Critically, this frequency shift is separate from GLP-1 drug cost pressures. GLP-1 medications (semaglutide, tirzepatide) run $15,000 to $25,000 annually at gross cost, well below the $100K specific deductible floor. GLP-1 affects aggregate stop-loss and total plan cost, but it does not drive the million-dollar claim frequency acceleration. The two risks require different pricing treatments: GLP-1 is an aggregate trend issue, while the catastrophic cancer and gene therapy shift is a specific deductible tail issue.
Why This Matters for Stop-Loss Pricing Actuaries
The pricing adequacy question has immediate practical implications for actuaries filing and reviewing stop-loss rates in 2026:
Manual rate vintaging. Any manual rate built from pooled data ending before policy year 2024 is structurally underloaded for the new catastrophic claim frequency. Actuaries should document the data vintage of their manual rate base and apply an explicit prospective load if the base does not yet incorporate the frequency shift visible in the Aegis Risk and Sun Life data.
Deductible relativities. If the manual rate at $100K is updated but the relativities between deductible levels are held constant from prior years, higher deductible levels will be disproportionately underpriced. The leverage effect requires that deductible relativities be re-derived from the shifted severity distribution, not carried forward from the prior year's ELF table. A 10.1% increase at $500K versus 8.8% at $100K implies the market has barely adjusted relativities, when the ELF mathematics suggest the $500K rate should be increasing at two to three times the rate of the $100K rate.
Renewal adequacy at the group level. For individual group renewals, the credibility-weighted rate will understate the true expected cost at higher deductible levels for the reasons described above. Actuaries and underwriters pricing renewals at $500K+ specific deductibles should consider whether a prospective frequency adjustment (outside the standard credibility blend) is warranted, documenting the justification under ASOP No. 25's provisions for professional judgment when the complement of credibility is itself in transition.
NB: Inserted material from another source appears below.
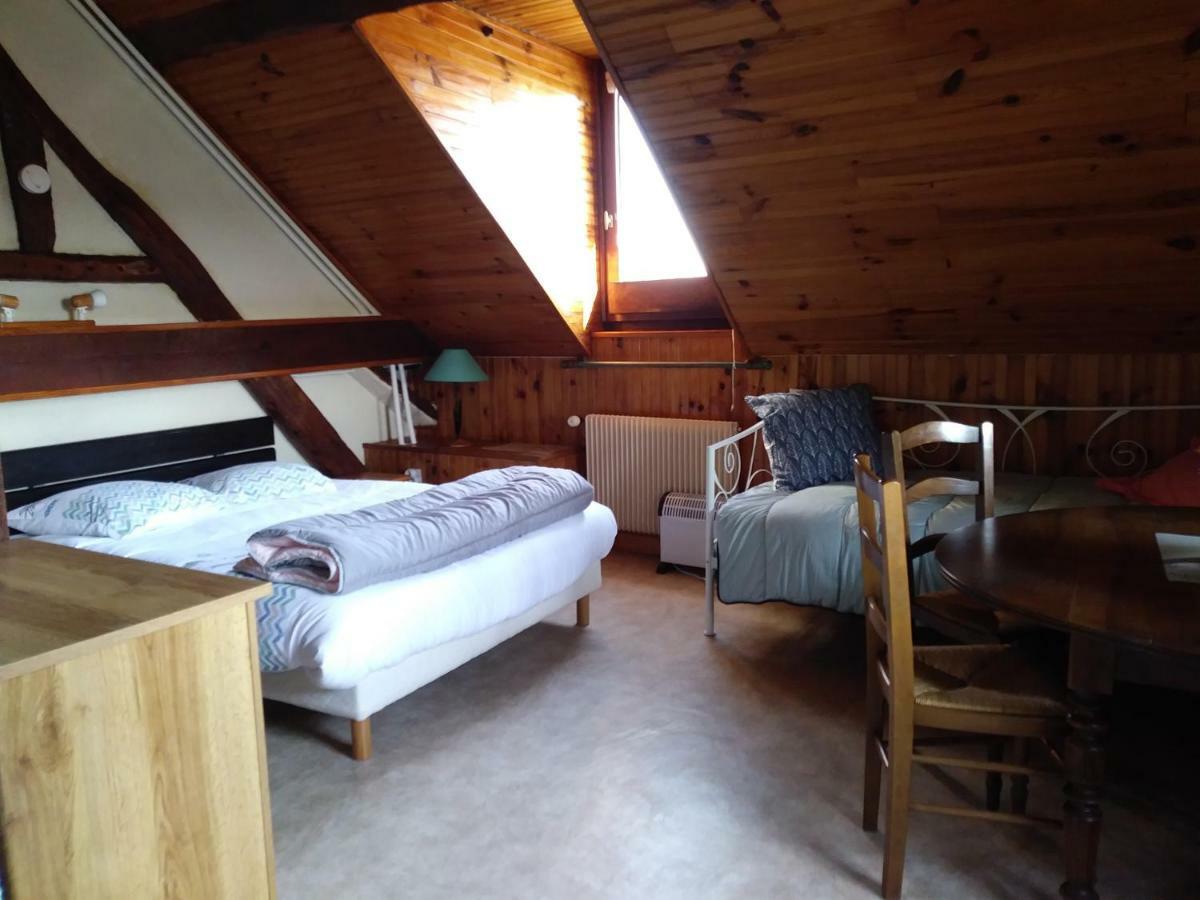 Les Hautes Mougonnieres Neuil Ngoại thất bức ảnh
Reinsurance implications. Stop-loss carriers purchasing their own specific excess reinsurance face the same leverage problem one layer up. Summit Re has noted secondary reinsurers beginning to exit the market due to increasing severity and frequency of gene therapy claims. The Aegis Risk data suggests that stop-loss carriers themselves may be underreserved for the current policy year at higher attachment points, particularly carriers using retained manual rates that predate the frequency shift.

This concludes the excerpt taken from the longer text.